How To Prove That The Rijndael Polynomial Is Irreducible? I am learning about the AES algorithm which uses the finite field ${\mathbb{Z}_2[x]}\over{(p(x))}$, where $p(x)=x^8+x^4+x^3+x+1$.
How do you prove that this polynomial is irreducible? I know that for polynomials of degree $2$ & $3$ you could just check that it has no roots, but how would you do it for this polynomial?
 A: Use Berlekamp's algorithm. Actually, this algorithm gives more: it outputs afactorisation of polynomials over finite fields. 

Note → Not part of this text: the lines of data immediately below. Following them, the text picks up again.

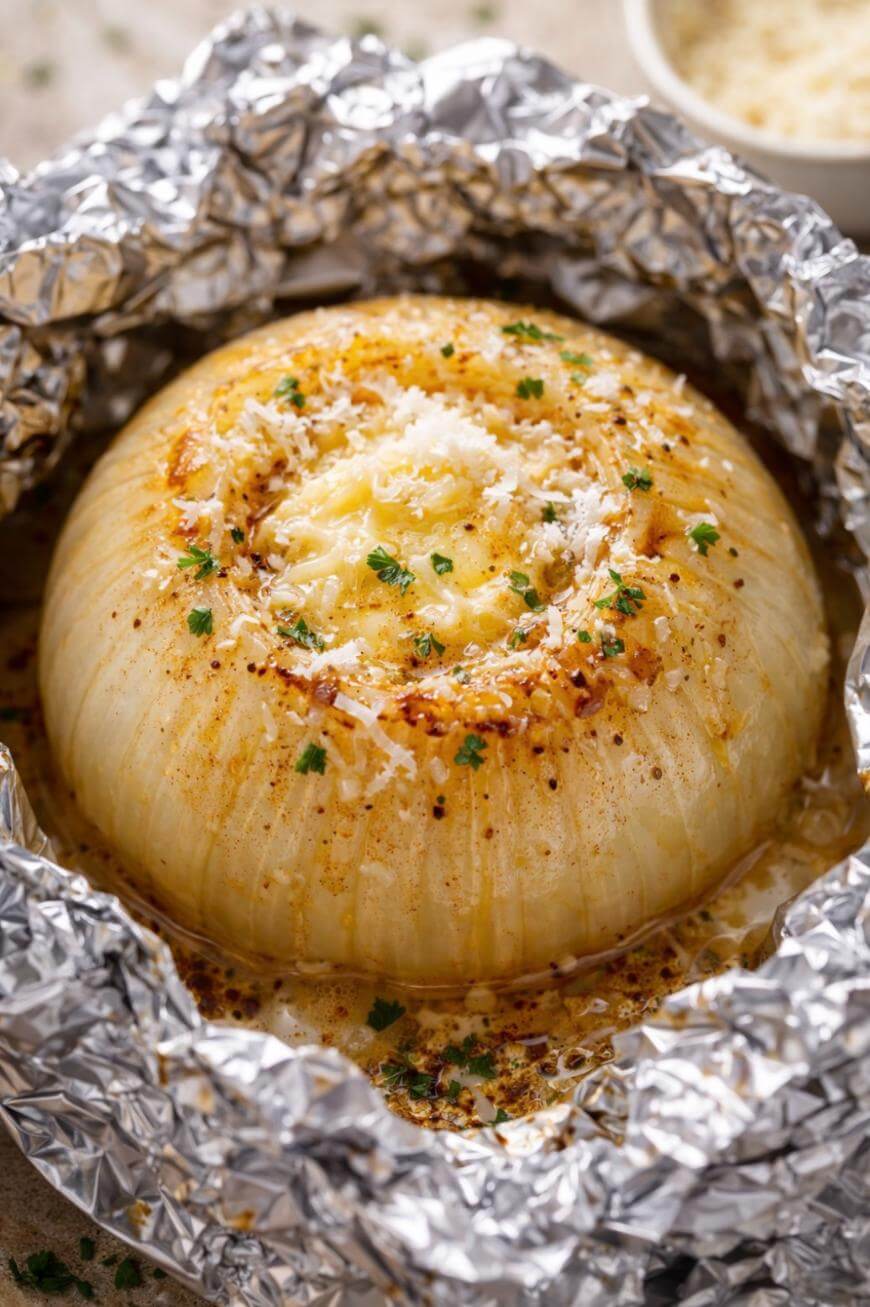 A whole baked onion topped with melted cheese, herbs, and spices, sitting on crinkled aluminum foil. The onion looks soft and golden, with a sprinkle of chopped parsley and grated cheese on top.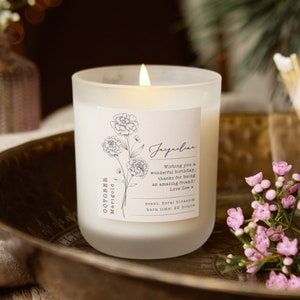 White scented candle in glass jar with engraved birth flower label and flame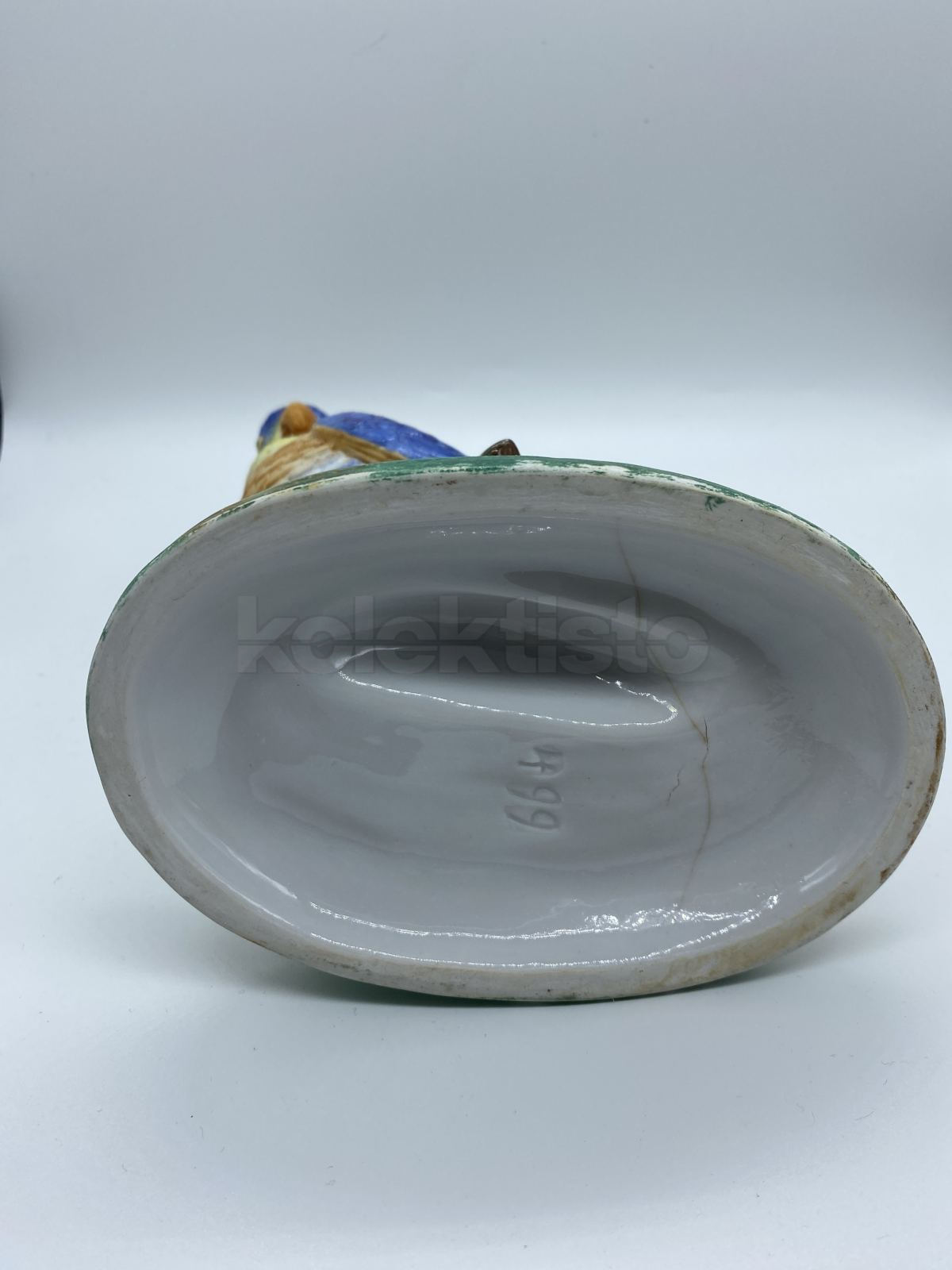 Porcelánová soška papoušek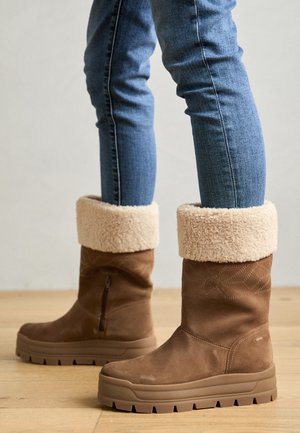 Brązowe zamszowe botki za kostkę z beżowym futerkiem, teksturowanym zamkiem z boku oraz grubą gumową podeszwą w wzór zygzaka.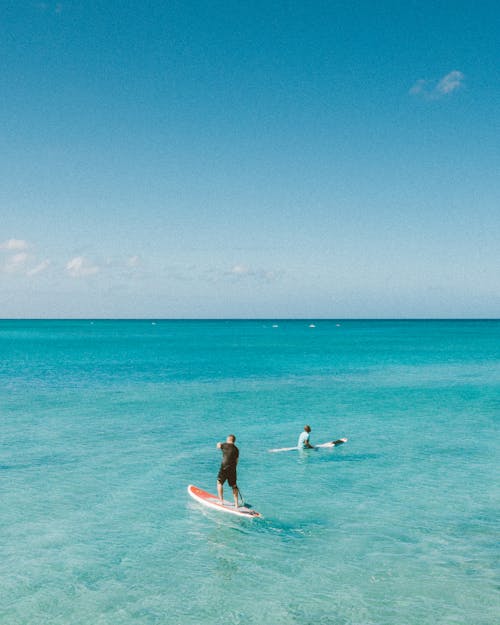 Woman in Blue Bikini Riding White Surfboard on Blue Sea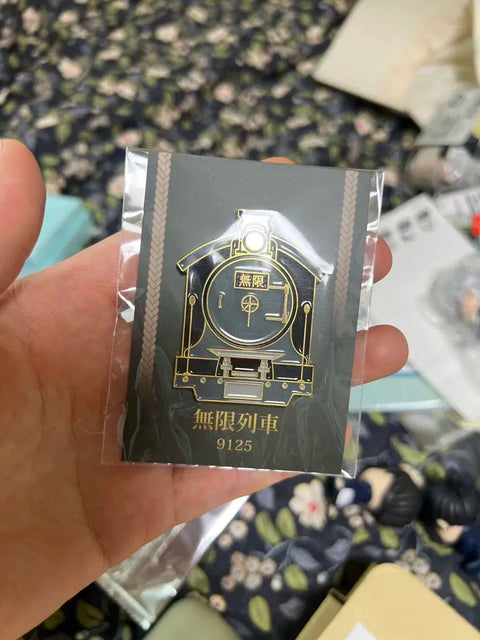 Selling Demon Slayer: Kimetsu no Yaiba Mugen Train unofficial pin badges.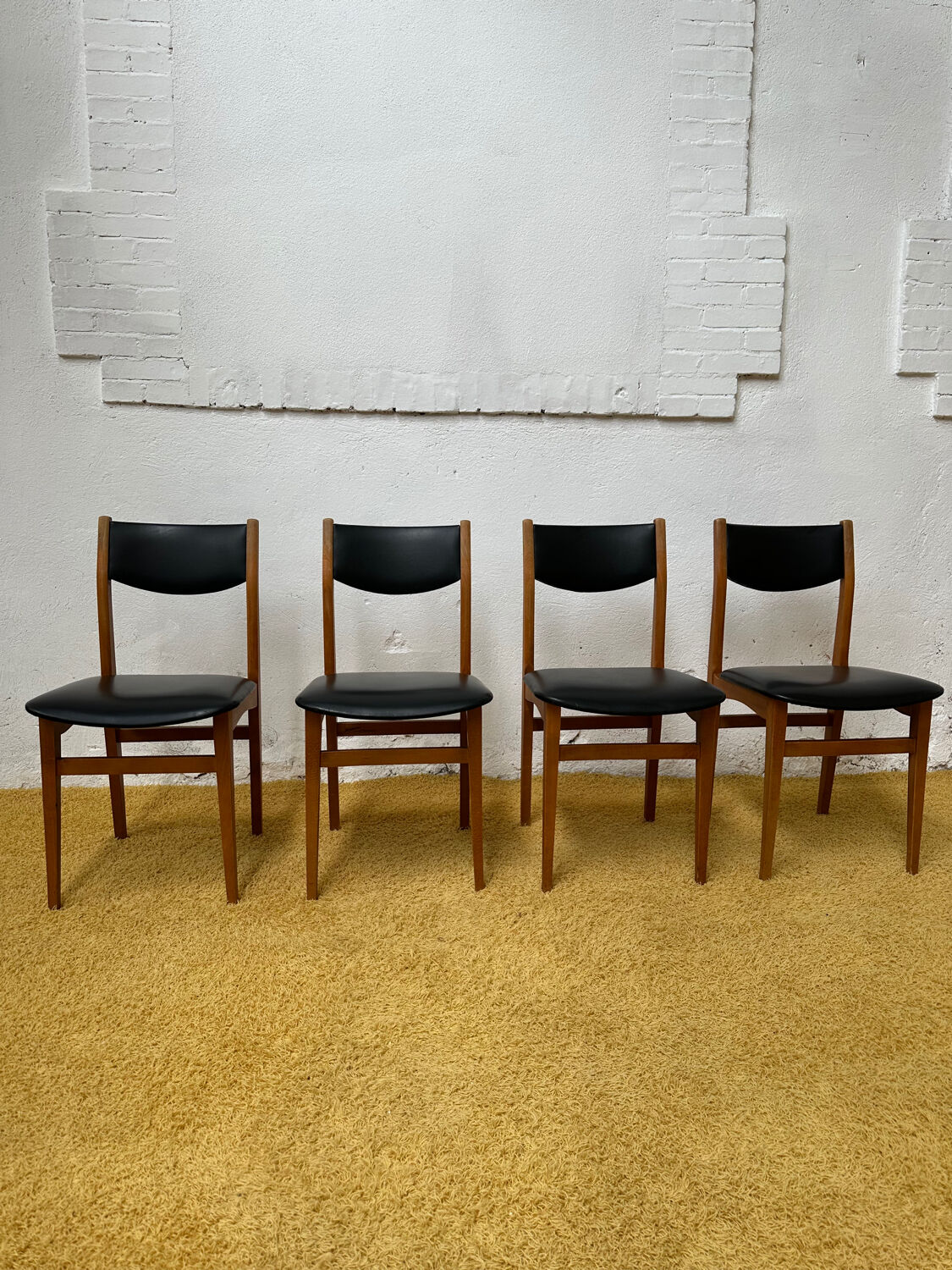 4 Scandinavian chairs in teak and black faux leather.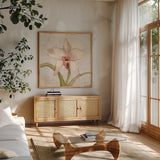 Orchid I by Cheri Blum. Shown in a natural wood frame in a cozy modern living room. Available as an archival giclee rolled canvas, fine art paper, or poster print. SKU 90728a.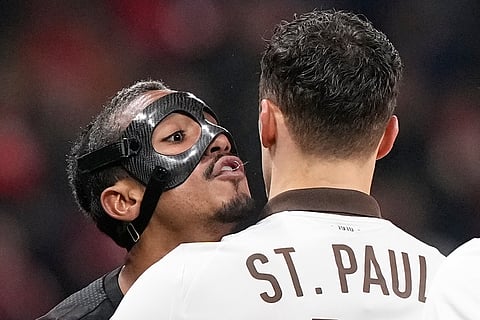 Leverkusen's Arthur, left, and St. Pauli's Danel Sinani argue during a DFB Pokal, German Cup quarter final soccer match between Leverkusen and St. Pauli in Leverkusen, Germany.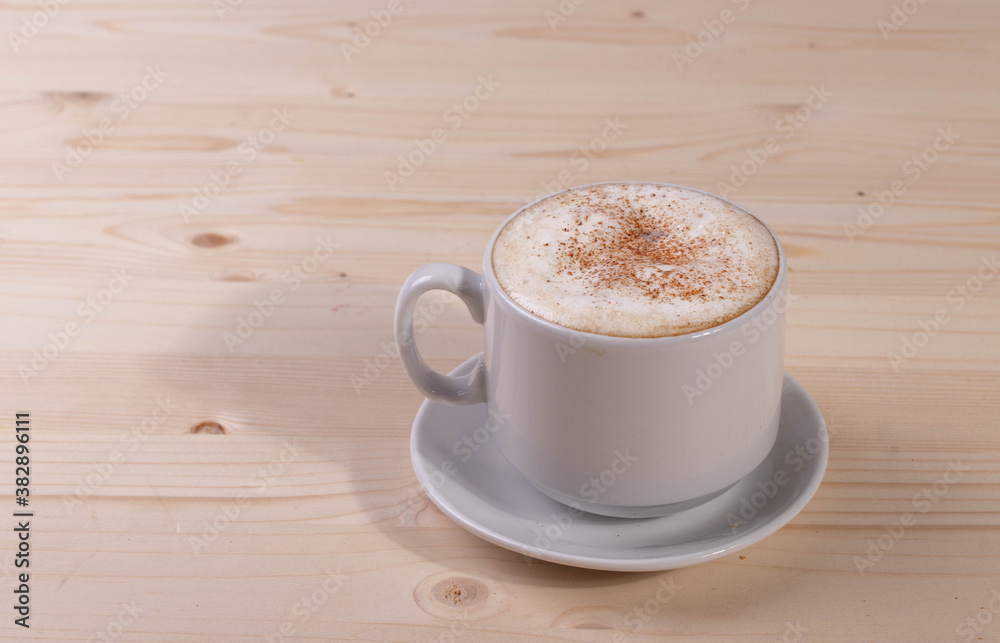 a white ceramic cup of cappucino as a coffee break concept a white ceramic cup of cappucino as a coffee break concept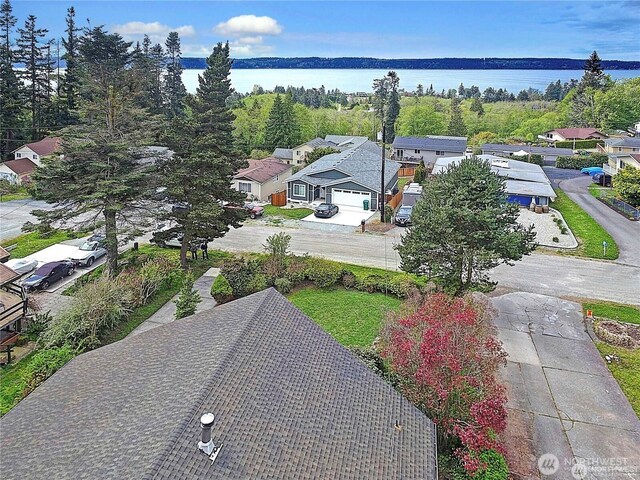 birds eye view of property featuring a water view and a residential view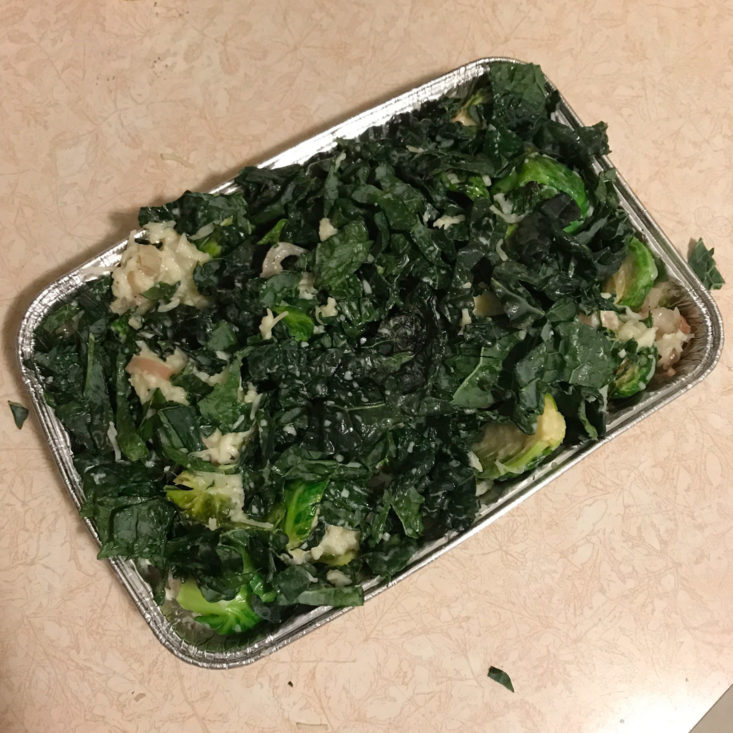 cooked brussels sprouts with sliced shallots in tin, mixed with cream, fontina, and kale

Let $\DeclareMathOperator\Fr{Fr}\Fr$ be the Frobenius homomorphism
  $\;u\longmapsto u^2$  on the $\mathbf Z_2$-algebra $\;\mathbf{Z}_2/(p(x))$.
  Then  $p(x)$ is irreducible if
  $\;\dim\ker(\Fr-\operatorname{Id})=1$.

Consider the matrix $A$ of $\Fr-\operatorname{Id}$. This means you must check the $8\times8$ matrix $A$ has rank $7$.
Computation of the matrix of $\,\Fr$:
Its columns are the coordinates of (the classes of) $1, x^2, x^4,\dots,x^{14}$ in basis $(1,x,x^2,\dots,x^7)$.
For instance, we have \begin{align*}x^8&=x^4+x^3+x+1, \\ x^{12}&=x^8+x^7+x^5+x^4=x^7+x^5+x^3+x+1.
\end{align*} 
Finally, you should obtain the matrix of $\Fr$:
$$\begin{bmatrix}
1&0&0&0&1&0&1&0\\
0&0&0&0&1&0&1&1\\
0&1&0&0&0&1&0&1\\
0&0&0&0&1&1&1&0\\
0&0&1&0&1&0&0&1\\
0&0&0&0&0&1&1&0\\
0&0&0&1&0&1&0&0\\
0&0&0&0&0&0&1&1\\
\end{bmatrix}
$$ 
Another irredicibility test for polynomials over finite fields is the following:

Let $q$ be a prime power. A polynomial $f\in \mathbf F_q[x]$ of degree $n\ge1$ is irreducible if and only if:
(i) $f(x)$ divides $x^{q^n}-x$, and
(ii) for all prime divisors $d$ of $n$, $\;\gcd\bigl(x^{q^{n/d}}-x,f(x)\bigr)=1$

So in the present case, you should check the $p(x)$ divides $x^{256}-x$ and is coprime to $x^{128}-x$.
Reference: 
Modern Computer Algebra, Joachim von zur Gathen & Jürgen Gerhard, Cambridge University Press (1999).
A: In the case of a relatively low degree polynomial such as this one I would do it as follows. The task is to prove that a degree $d$ polynomial $p(x)$ is irreducible.


*

*List all the irreducible polynomials of degrees $\le d/2$. Assume that the list looks like $p_1(x),p_2(x),\ldots, p_k(x)$.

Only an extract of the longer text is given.